MOSCOW (Reuters) - Russia will tap into a rainy-day fund for most of the $15 billion bailout it promised Ukraine after Kiev scrapped plans for European Union deals that would have pulled it further from Moscow's orbit, Finance Minister Anton Siluanov said.
President Vladimir Putin agreed the aid package with Ukraine in December, throwing the ex-Soviet state a lifeline in what was widely seen as a reward for a U-turn that prompted protests which persist in Kiev and have been marked by violence.
Russia will turn to its National Welfare Fund for $10 billion, Siluanov told Ekho Moskvy radio on Thursday.
The other $5 billion is coming from special drawing rights (SDRs), a reserve asset created by the International Monetary Fund, he said.

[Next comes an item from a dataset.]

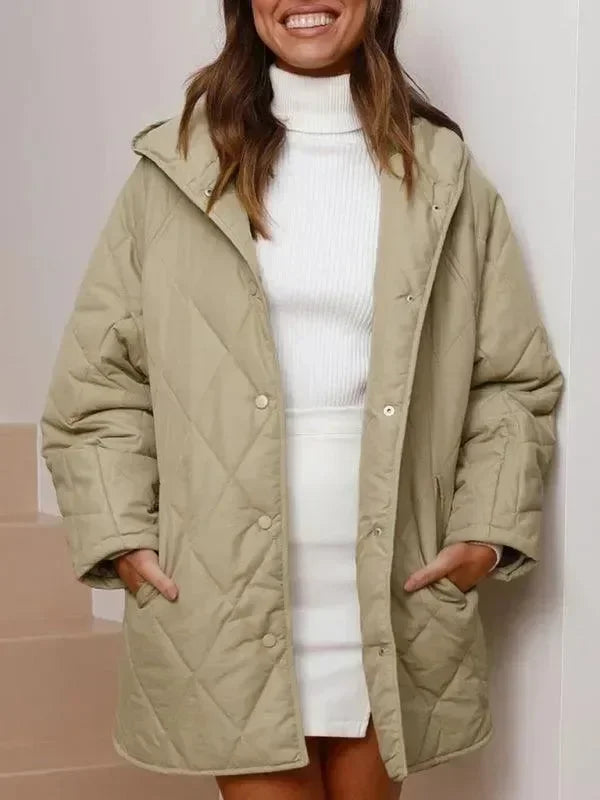Women's Quilted Coat Hooded Mid Length Style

Officials had said both sources would probably be used for the bailout, but had not given a breakdown.
"A decision was taken to support our neighbor's economy," Ekho Moskvy quoted him as saying. "It is not in our interest for the situation to worsen sharply."
Some in Russia have grumbled about using cash that is supposed to be kept for helping its growing population of pensioners to aid its neighbor.

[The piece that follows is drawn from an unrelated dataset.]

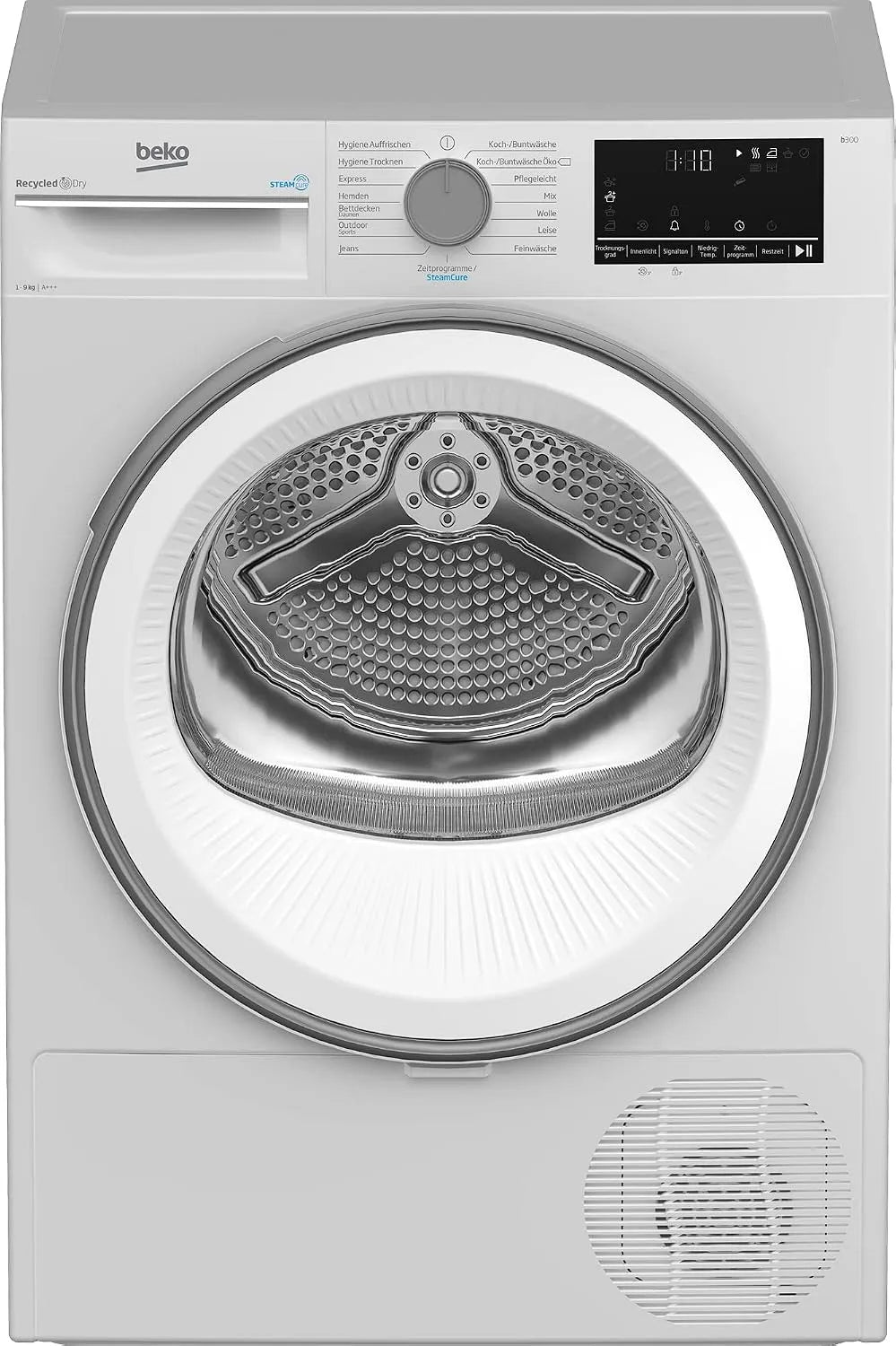 Beko Wäschetrockner B3T32491, Gewicht 9 kg, 15 Betriebsprogramme, Frontbeladung Wärmepumpentrockner, Silent-Programm, Sensortrocknung, Dampffunktion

Kiev needs cash to cover its external funding gap, while the central bank's currency reserves are depleted by efforts to support the hryvnia and repay foreign debt.

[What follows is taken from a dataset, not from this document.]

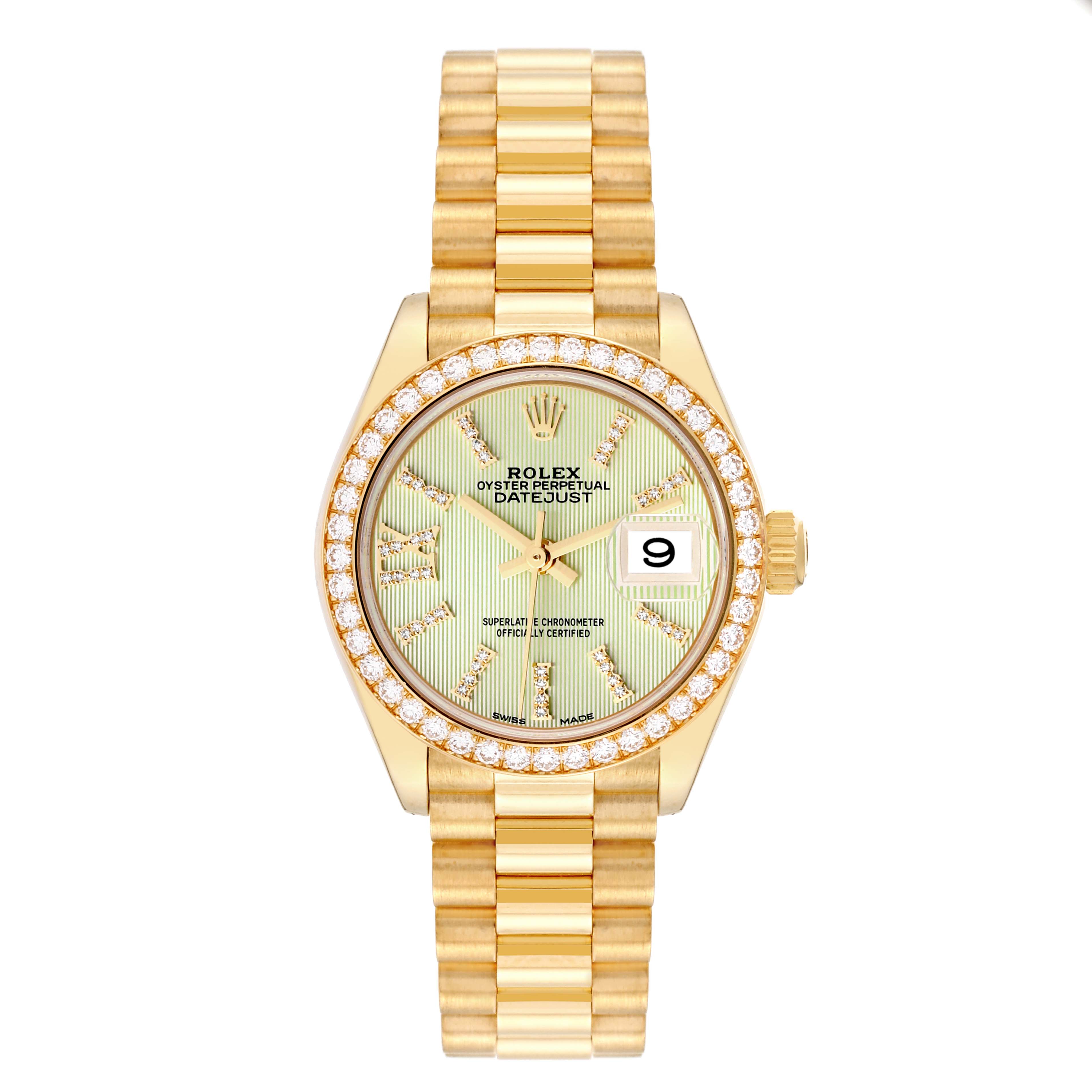 The Rolex President 279138 Women's Yellow Gold Green Dial 279138 Women's Yellow Gold Green Dial model watch is shown from a top-down angle, displaying its dial, bezel, bracelet, and crown.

The Ukrainian government owes around $8 billion in foreign debt payments this year. Ukraine owed $2.7 billion for gas at the end of 2013, according to Russian gas company Gazprom, so some of the money will come back to Russia.
Siluanov said the rate on the package of credits was 5 percent and that they would come due on January 1, 2016, Ekho Moskvy reported.
Russia closed a deal in late December to buy Ukraine's newly-issued $3 billion Eurobond, the first part of the bailout.